Project : Tracking Model training with MLflow
This project falls under the jurisdiction of AUTODESK CONSTRUCTION SOLUTIONS intelligence team. The project is about the ability to track model training and means to trigger training a new model when new data is available. This project makes the newly available labelled data available for training new model.
This project entailed the use of technologies like python as coding language , mlflow services like mlflow tracking , mlflow ui, mlflow models, mflow model registry for training and tracking the runs and storing artefacts and aws services like aws ec2, aws ecr, aws s3 , aws fargate , aws vpc , aws iam, aws cloudformation , aws sagemaker training jobs for creating mlflow deployment server.
Docker services like docker images , docker containers to create images , shell scripting to create DockerFile . Html , css, javascript , bootstrap for front end user interface to run training job and Flask to run the web application. Git for continuous integration.
Main Phases Implemented
Logging local training runs to local MLFlow tracking server:
Already existing ML model is integrated with mlflow python sdk and the run details , parameters , metrics and artefacts are recorded using the mlflow module and run locally.
Logging local training runs to hosted MLFlow tracking server :
Mlflow server is hoisted in aws fargete services using docker mlflow server image stored in aws ecr and making run data stored in aws s3.
Creating training job:
After hoisting the mlflow server we created a sagemaker training job using a self -built docker image which contains all the ML code . The way the model works is it takes s3 path to new data from container environment variables and the model version that we want to take old data which is stored as an artefact and combine both data and send them for training.
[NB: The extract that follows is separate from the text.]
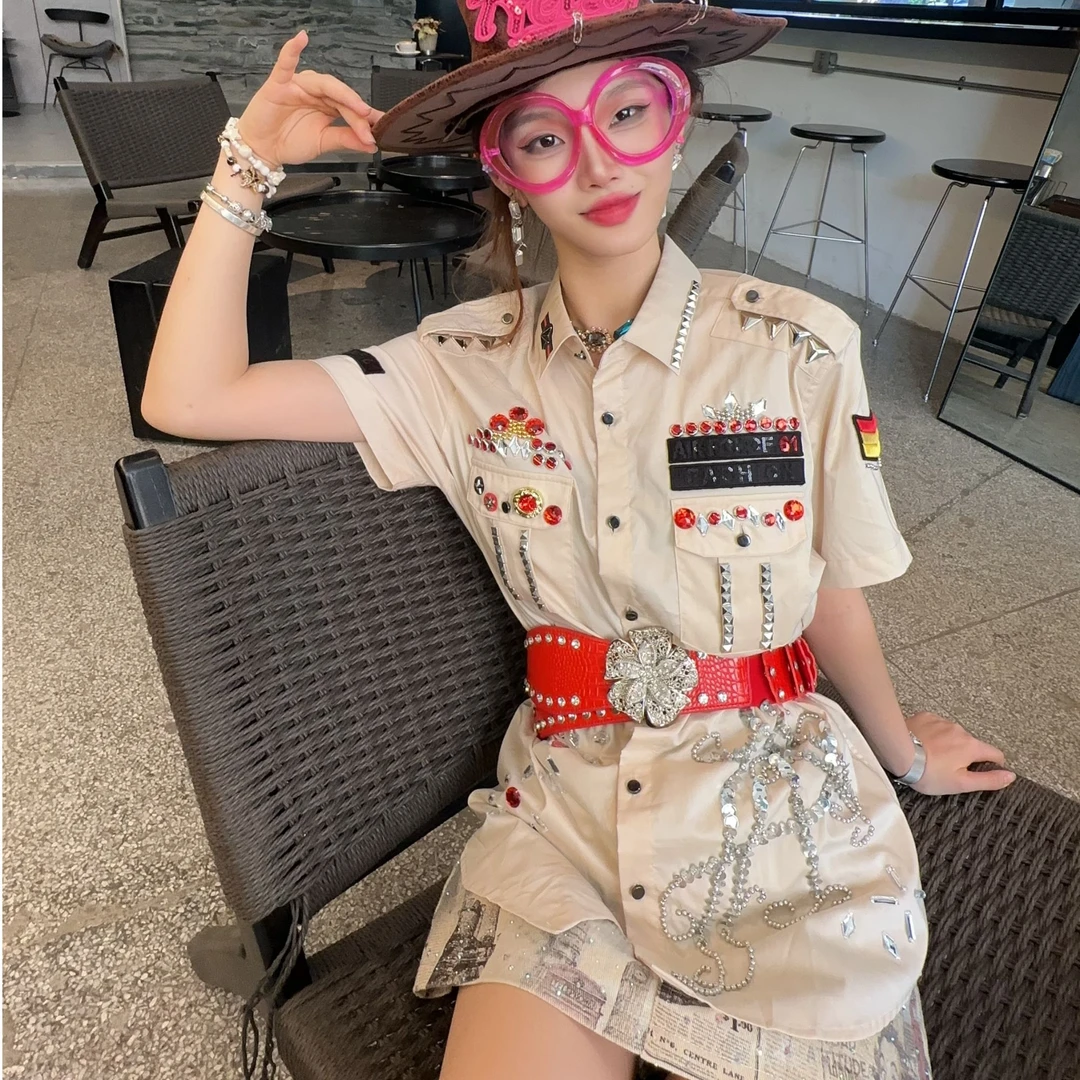 MM0083 木木原创重工钉珠手工镶钻复古高级感宽松百搭短袖衬衣女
The model versioning is achieved by storing the current model as an artefact and registering the model with some version . MLflow also supports the features of keeping models in staging and in production.
Additional Step:
As part of an additional step we created a web application using html , css , python, and flask for the demonstration of the project. Though the trigger is implemented as a web service for now it can be implemented as a lambda or can be a part of a bigger training pipeline.